No longer able to hold back his tears, Michaels spoke about what he would like the world to remember about his brother.

“That we loved him,” Michaels says. “He was easy to love. There was a pure soul there, and I think everybody knows that now. There was an unbelievably wonderful human being inside that big ol’ body.”

After Michaels and Hall first met in Kansas City, they parted ways when Michaels returned home to Texas. Three weeks later, Michaels was genuinely surprised to receive mail from Hall.

“I got a postcard from Scott,” Michaels says. “I certainly wasn’t expecting that, and it meant a lot to me. It read something like, ‘Thanks for everything. Good luck, and maybe I’ll see you down the road.’”

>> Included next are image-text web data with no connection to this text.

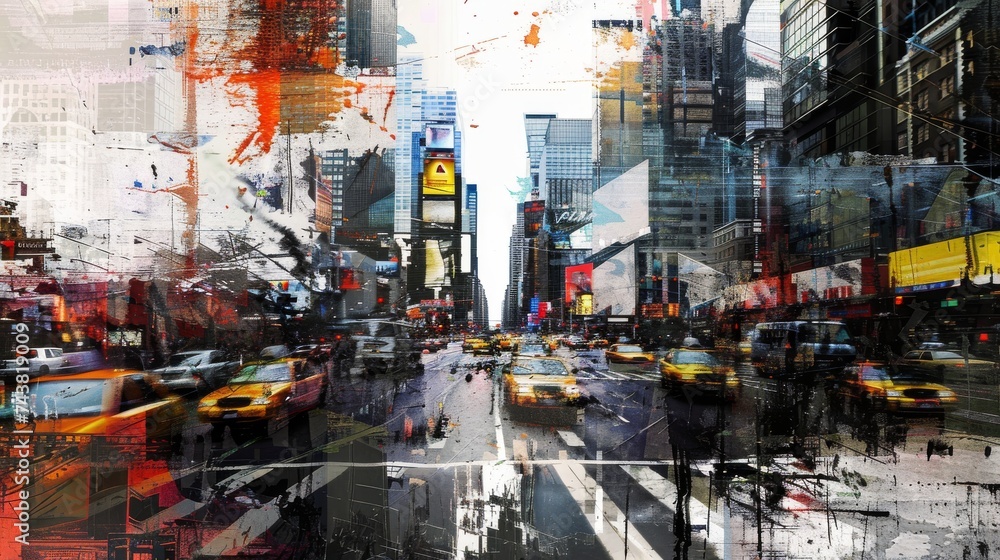 Abstract digital collage of city life, incorporating elements like traffic, people, and skyscrapers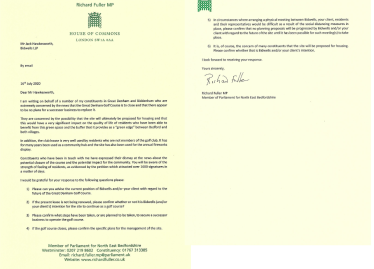 Letter to Bidwells re Great Denham Golf Course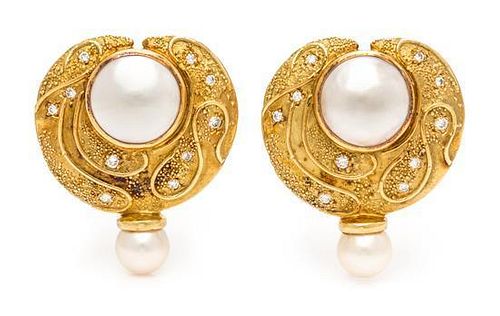 A Pair of 18 Karat Yellow Gold, Mabe Pearl, Cultured Pearl and Diamond Earclips, Elizabeth Gage, 18.20 dwts.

History now repeats with that postcard. Hall and Michaels again drift apart, each knowing they will meet again down the road. Until then, the eternal spirit of their friendship will endure, fighting off even death’s cold attempt to remove some of its bright shine.

“To us, what we had was different,” Michaels says. “We believed in what we had, and we felt it. That’s never going to change. People will remember the five of us forever. That was never our intent, but we’re proud of the way it all happened. And we did it together.”

In the ring, Hall and Michaels didn’t need to speak a word. Raw emotion and next-level storytelling allowed the two to bring out the best in each other and keep those watching on the edge of their seats. Those are cherished memories for Michaels, who wishes Hall could see an overwhelming outpouring of love from the wrestling community.

Yet death is inescapable, even for the invincible. And with Hall now departed, it is a painful loss for his band of brothers.

“This moment, for Scott, it means a lot that he’s getting the love he always deserved,” Michaels says. “The four of us, we’ve all talked a lot since this happened. A part of us understands that this happens in life, and we know we’re lucky to have so much time together. But it still wasn’t long enough.”